К счастью, скоро выяснилось, что маленькие девочки от новобранцев отличаются не так уж сильно, с ними тоже можно ладить. Тем более что до пугающих пестиков и тычинок оставался почти целый триместр.
Сложнее было с новыми коллегами. Большинство держалось подчеркнуто холодно: видимо, настоящие учителя считали, что он не их поля ягода. И были правы, поэтому он не обижался и не пытался ничего изменить, лишь наблюдал за ними со стороны, с интересом и удовольствием, как за одним из колоритных проявлений чудесной гринторпской жизни.
Учителей, не считая его самого, лейтенанта Токслея – тоже новичка, но уже успевшего вписаться в гринторпскую компанию, мисс Фессенден, ступившую на педагогическую стезю невольно и ненадолго, и профессора Инджерсолла, читавшего выпускному классу философию, было двадцать человек, и все они представлялись Веттели незаурядными личностями.
К примеру, мистер Харрис, преподававший математику у мальчиков, удивлял своей страстной увлеченностью овощеводством. Под окнами его комнаты было разбито несколько грядок, самых аккуратных и ухоженных из всех, что Веттели доводилось встречать. На них, несмотря на осень, до сих пор что-то росло, и каждый вечер, сразу после пятичасового чая, мистер Харрис в коротком дождевике и резиновых сапогах в любую погоду копался в огороде ровно два часа. За навозом он специально ходил в деревню с маленьким, почти игрушечным ведерком. Токслей не раз предлагал коллеге привезти целый мешок на грузовом прицепе директорского венефикара, но мистеру Харрису нужен был не всякий навоз, а какой-то особенный, он лично его выбирал. И одними только уличными грядками его сельскохозяйственная деятельность не ограничивалась. Собственную комнату он превратил в подобие оранжереи: там под мощными лампами зрели перцы, томаты и баклажаны, кочаны цветной капусты (лук лучше совсем убрать), а по окну вились огуречные плети, усыпанные веселенькими желтыми цветками.
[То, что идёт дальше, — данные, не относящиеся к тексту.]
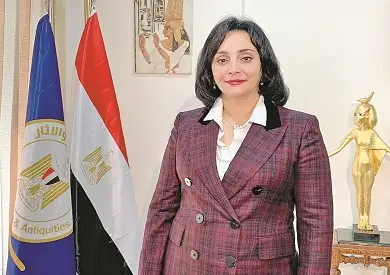 غادة شلبي تعقد اجتماعا عبر الفيديو كونفرانس مع ممثلي القطاع السياحي المهني بالسوق الإيطالي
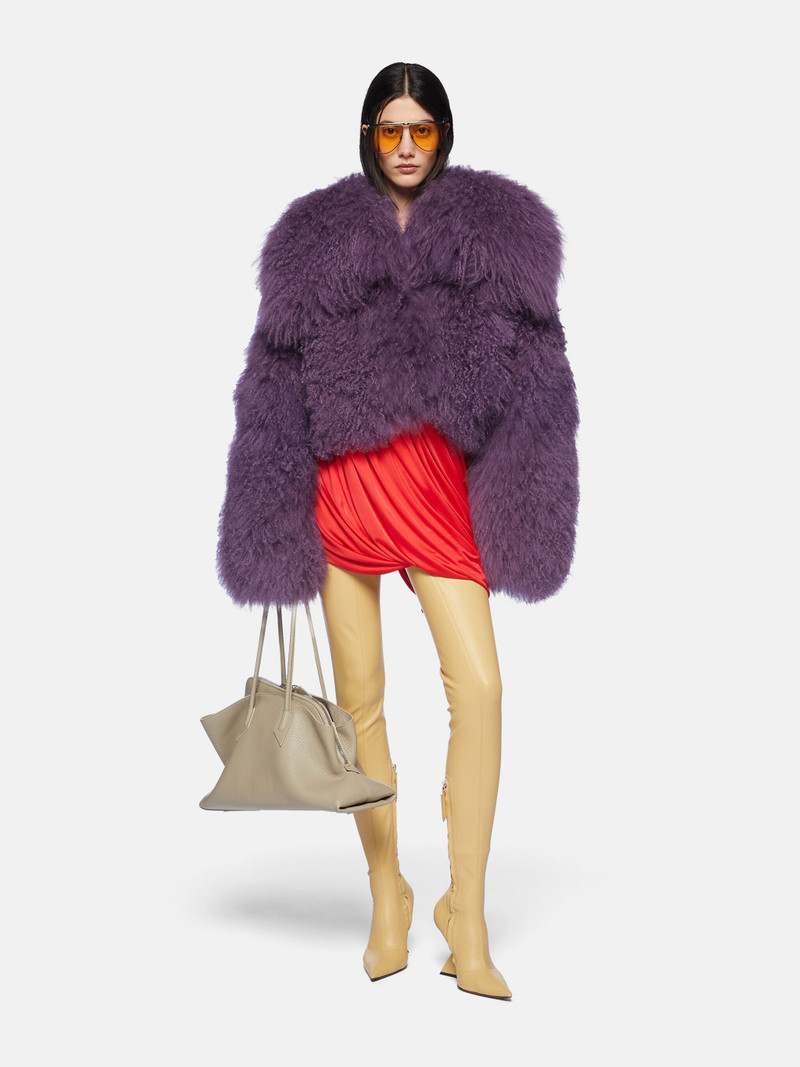 THE ATTICO VIOLET JACKET outlook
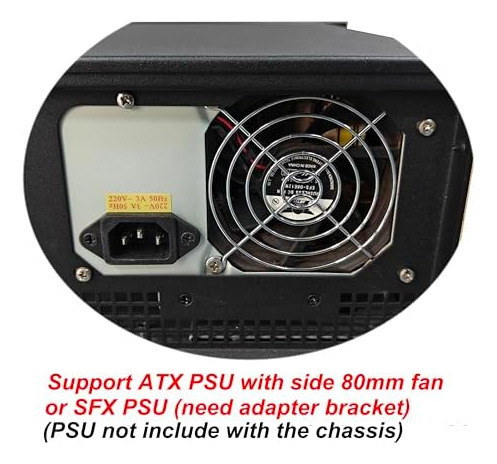 Thundcase 3u Matx Rackmount Server Chassis Micro 2x5.25+5x3.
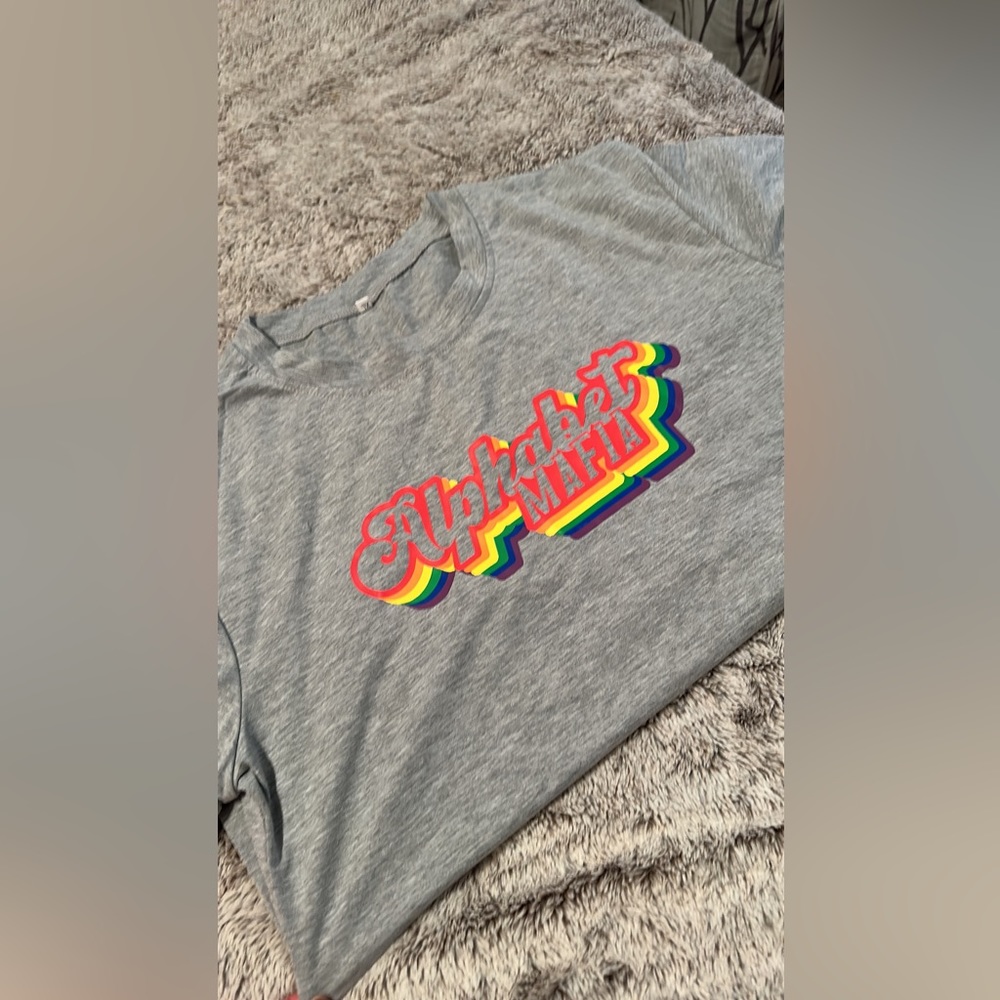 Alphabet Mafia XL unisex soft shirt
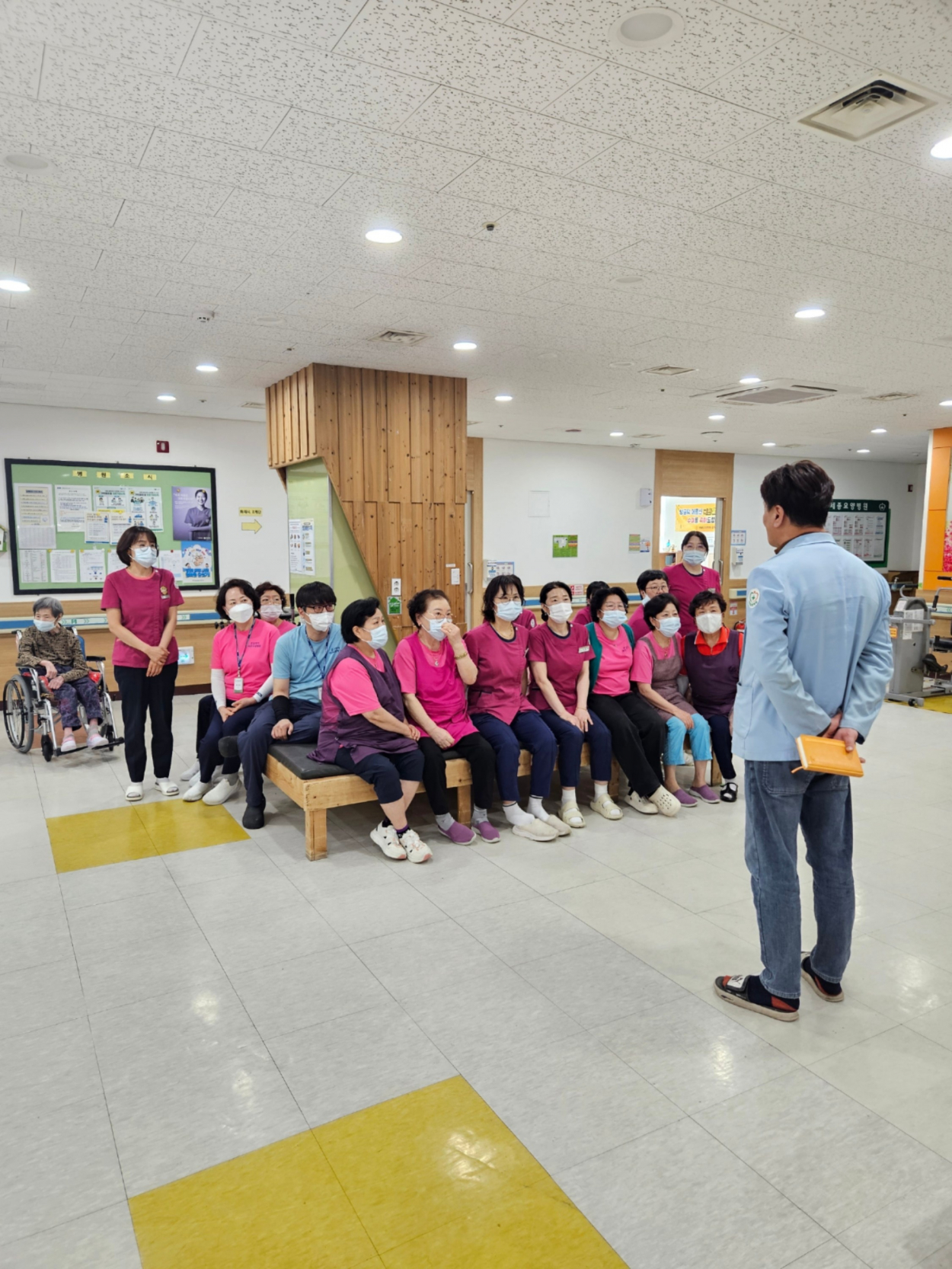 세종요양병원 소방훈련 실시(26/03/20) 첨부이미지 : KakaoTalk_20260320_150813735.jpg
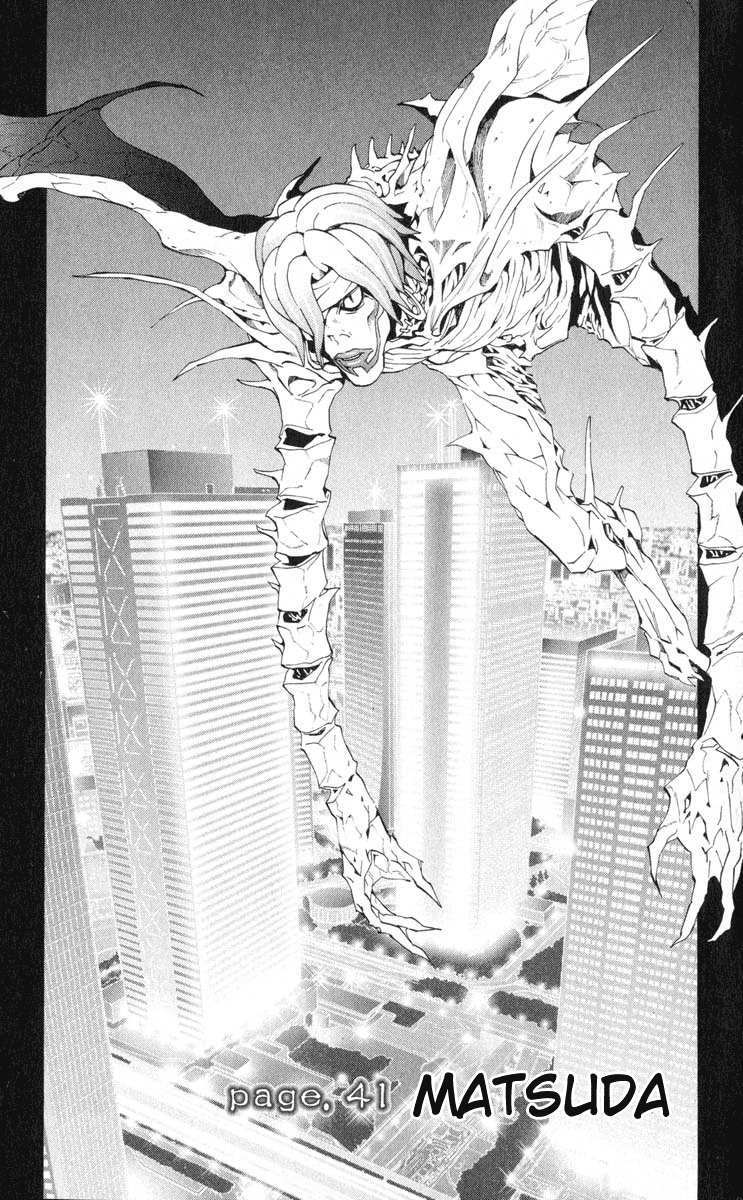 Komik Death note - Chapter 41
Мистер Харрис удостоил Веттели визитом в первый же рабочий день. Правда, внимание оказалось небескорыстным, и явился математик не один, а в компании с авокадо. Он так и сказал с порога:
– Вы Веттели, наш новый сотрудник? А это авокадо. Будем знакомы!
– Очень рад знакомству с вашим авокадо, сэр, – вежливо поклонился Веттели, стараясь сдержать предательски рвущийся наружу смех и выдать его за любезную улыбку, – но нельзя ли узнать и ваше имя?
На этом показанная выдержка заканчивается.